# Provided material:
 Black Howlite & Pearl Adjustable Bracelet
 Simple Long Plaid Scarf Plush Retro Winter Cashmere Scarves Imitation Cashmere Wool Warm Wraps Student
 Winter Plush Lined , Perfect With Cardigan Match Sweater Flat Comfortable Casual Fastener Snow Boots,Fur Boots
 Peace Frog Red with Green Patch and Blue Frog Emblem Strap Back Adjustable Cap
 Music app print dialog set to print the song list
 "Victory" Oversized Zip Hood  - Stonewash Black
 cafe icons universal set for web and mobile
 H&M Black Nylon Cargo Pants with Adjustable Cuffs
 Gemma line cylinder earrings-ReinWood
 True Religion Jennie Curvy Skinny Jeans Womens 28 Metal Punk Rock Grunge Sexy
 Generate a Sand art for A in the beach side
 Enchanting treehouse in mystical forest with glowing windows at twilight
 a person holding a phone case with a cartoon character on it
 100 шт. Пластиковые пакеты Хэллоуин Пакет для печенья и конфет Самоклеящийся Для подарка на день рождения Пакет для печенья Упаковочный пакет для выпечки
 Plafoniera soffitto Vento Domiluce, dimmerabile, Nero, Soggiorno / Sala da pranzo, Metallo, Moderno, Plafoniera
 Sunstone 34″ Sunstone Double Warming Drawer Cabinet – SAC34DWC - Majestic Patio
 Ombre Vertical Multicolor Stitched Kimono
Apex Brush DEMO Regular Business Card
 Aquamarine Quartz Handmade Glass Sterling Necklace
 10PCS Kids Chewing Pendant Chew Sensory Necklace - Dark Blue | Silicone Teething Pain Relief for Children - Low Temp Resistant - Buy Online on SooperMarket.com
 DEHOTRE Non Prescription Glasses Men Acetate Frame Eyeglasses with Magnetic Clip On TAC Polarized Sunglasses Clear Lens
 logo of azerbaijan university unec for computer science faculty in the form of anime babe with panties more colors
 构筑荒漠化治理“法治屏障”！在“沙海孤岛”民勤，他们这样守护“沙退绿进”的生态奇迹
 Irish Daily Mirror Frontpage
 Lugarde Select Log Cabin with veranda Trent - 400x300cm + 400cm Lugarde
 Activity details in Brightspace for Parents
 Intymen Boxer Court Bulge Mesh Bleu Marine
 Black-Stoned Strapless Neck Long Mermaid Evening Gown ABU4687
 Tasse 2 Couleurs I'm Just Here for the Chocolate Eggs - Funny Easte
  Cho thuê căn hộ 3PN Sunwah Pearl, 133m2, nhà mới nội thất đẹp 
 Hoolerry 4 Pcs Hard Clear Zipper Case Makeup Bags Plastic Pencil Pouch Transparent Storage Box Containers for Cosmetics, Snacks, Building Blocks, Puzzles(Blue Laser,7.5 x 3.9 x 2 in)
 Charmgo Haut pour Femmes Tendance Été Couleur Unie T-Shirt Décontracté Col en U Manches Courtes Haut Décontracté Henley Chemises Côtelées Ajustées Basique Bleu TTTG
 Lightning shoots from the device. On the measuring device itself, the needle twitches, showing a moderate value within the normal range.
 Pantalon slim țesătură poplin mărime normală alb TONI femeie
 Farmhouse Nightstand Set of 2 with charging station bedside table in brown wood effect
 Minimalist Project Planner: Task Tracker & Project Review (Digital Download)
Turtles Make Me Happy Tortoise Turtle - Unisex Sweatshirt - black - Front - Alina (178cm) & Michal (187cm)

# Exercise goal:
An exact copy of every record is needed.

# Result below:
 Black Howlite & Pearl Adjustable Bracelet
 Simple Long Plaid Scarf Plush Retro Winter Cashmere Scarves Imitation Cashmere Wool Warm Wraps Student
 Winter Plush Lined , Perfect With Cardigan Match Sweater Flat Comfortable Casual Fastener Snow Boots,Fur Boots
 Peace Frog Red with Green Patch and Blue Frog Emblem Strap Back Adjustable Cap
 Music app print dialog set to print the song list
 "Victory" Oversized Zip Hood  - Stonewash Black
 cafe icons universal set for web and mobile
 H&M Black Nylon Cargo Pants with Adjustable Cuffs
 Gemma line cylinder earrings-ReinWood
 True Religion Jennie Curvy Skinny Jeans Womens 28 Metal Punk Rock Grunge Sexy
 Generate a Sand art for A in the beach side
 Enchanting treehouse in mystical forest with glowing windows at twilight
 a person holding a phone case with a cartoon character on it
 100 шт. Пластиковые пакеты Хэллоуин Пакет для печенья и конфет Самоклеящийся Для подарка на день рождения Пакет для печенья Упаковочный пакет для выпечки
 Plafoniera soffitto Vento Domiluce, dimmerabile, Nero, Soggiorno / Sala da pranzo, Metallo, Moderno, Plafoniera
 Sunstone 34″ Sunstone Double Warming Drawer Cabinet – SAC34DWC - Majestic Patio
 Ombre Vertical Multicolor Stitched Kimono
Apex Brush DEMO Regular Business Card
 Aquamarine Quartz Handmade Glass Sterling Necklace
 10PCS Kids Chewing Pendant Chew Sensory Necklace - Dark Blue | Silicone Teething Pain Relief for Children - Low Temp Resistant - Buy Online on SooperMarket.com
 DEHOTRE Non Prescription Glasses Men Acetate Frame Eyeglasses with Magnetic Clip On TAC Polarized Sunglasses Clear Lens
 logo of azerbaijan university unec for computer science faculty in the form of anime babe with panties more colors
 构筑荒漠化治理“法治屏障”！在“沙海孤岛”民勤，他们这样守护“沙退绿进”的生态奇迹
 Irish Daily Mirror Frontpage
 Lugarde Select Log Cabin with veranda Trent - 400x300cm + 400cm Lugarde
 Activity details in Brightspace for Parents
 Intymen Boxer Court Bulge Mesh Bleu Marine
 Black-Stoned Strapless Neck Long Mermaid Evening Gown ABU4687
 Tasse 2 Couleurs I'm Just Here for the Chocolate Eggs - Funny Easte
  Cho thuê căn hộ 3PN Sunwah Pearl, 133m2, nhà mới nội thất đẹp 
 Hoolerry 4 Pcs Hard Clear Zipper Case Makeup Bags Plastic Pencil Pouch Transparent Storage Box Containers for Cosmetics, Snacks, Building Blocks, Puzzles(Blue Laser,7.5 x 3.9 x 2 in)
 Charmgo Haut pour Femmes Tendance Été Couleur Unie T-Shirt Décontracté Col en U Manches Courtes Haut Décontracté Henley Chemises Côtelées Ajustées Basique Bleu TTTG
 Lightning shoots from the device. On the measuring device itself, the needle twitches, showing a moderate value within the normal range.
 Pantalon slim țesătură poplin mărime normală alb TONI femeie
 Farmhouse Nightstand Set of 2 with charging station bedside table in brown wood effect
 Minimalist Project Planner: Task Tracker & Project Review (Digital Download)
Turtles Make Me Happy Tortoise Turtle - Unisex Sweatshirt - black - Front - Alina (178cm) & Michal (187cm)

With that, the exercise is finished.